Required work
All entries below are to be returned exactly, with pictures left out.

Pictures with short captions
══════════

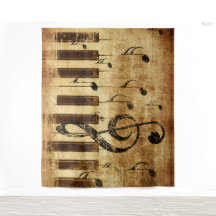 Retro musik noter och piano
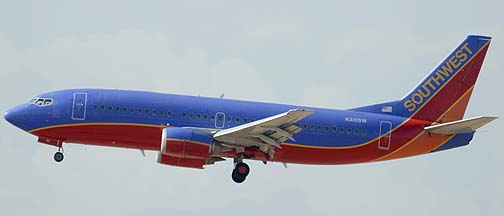 Southwest Boeing 737-3H4 N310SW, July 7, 2011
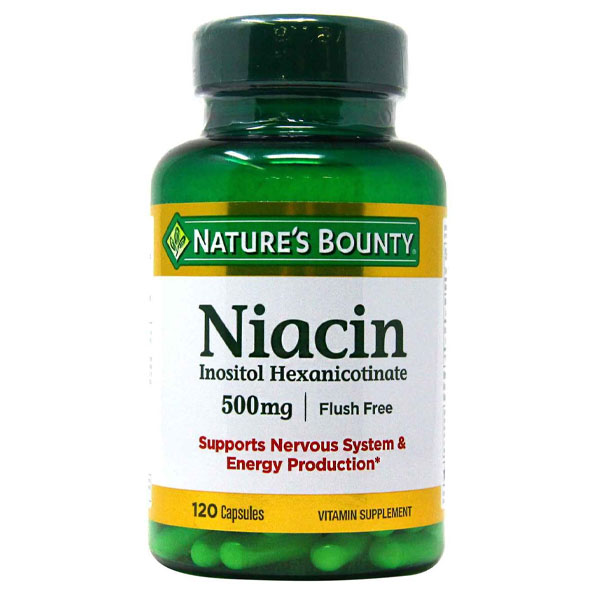 Nature's Bounty Niacin Flush-Free - 500 mg - 120 Capsules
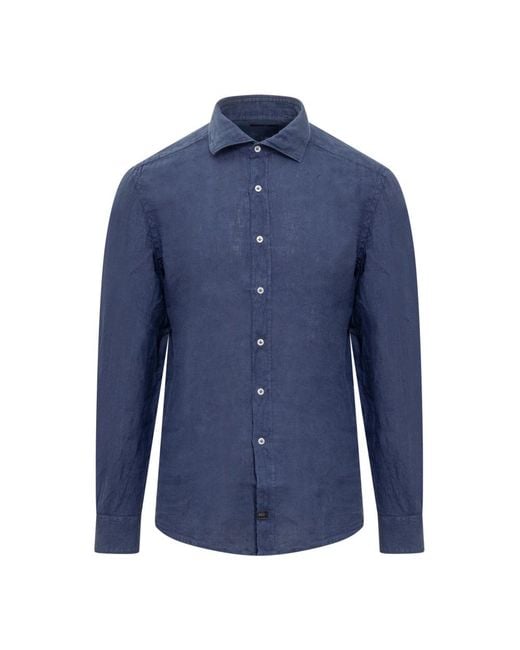 Fay Blue Casual Shirts for men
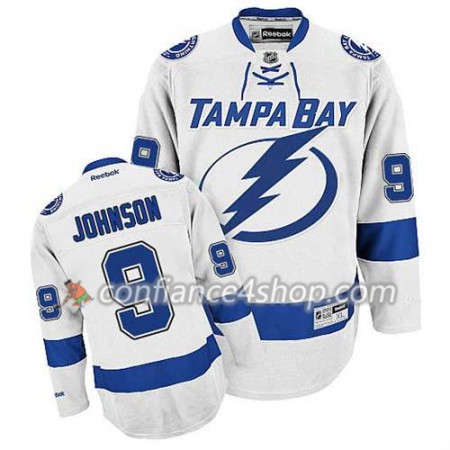 Reebok Maillot de Hockey Tampa Bay Lightning Tyler Johnson #9 Extérieur blanc - Homme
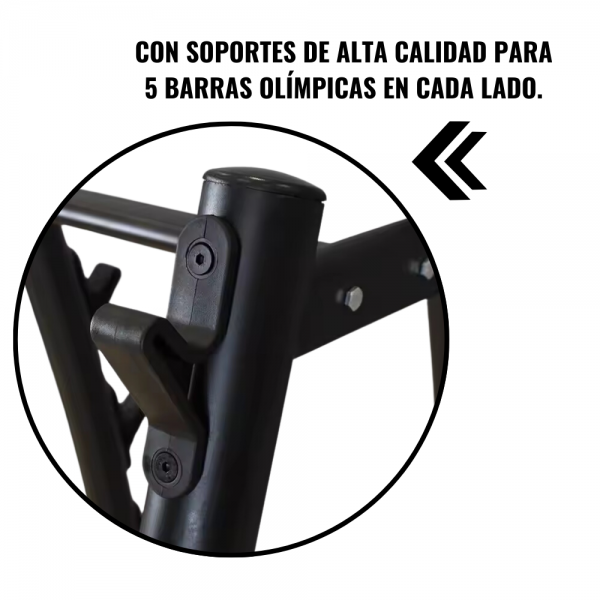 Rack de Barras Olímpicas 5 Niveles YLY18 - Imagen 4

══════════

Result
 Retro musik noter och piano
 Southwest Boeing 737-3H4 N310SW, July 7, 2011
 Nature's Bounty Niacin Flush-Free - 500 mg - 120 Capsules
 Fay Blue Casual Shirts for men
 Reebok Maillot de Hockey Tampa Bay Lightning Tyler Johnson #9 Extérieur blanc - Homme
 Rack de Barras Olímpicas 5 Niveles YLY18 - Imagen 4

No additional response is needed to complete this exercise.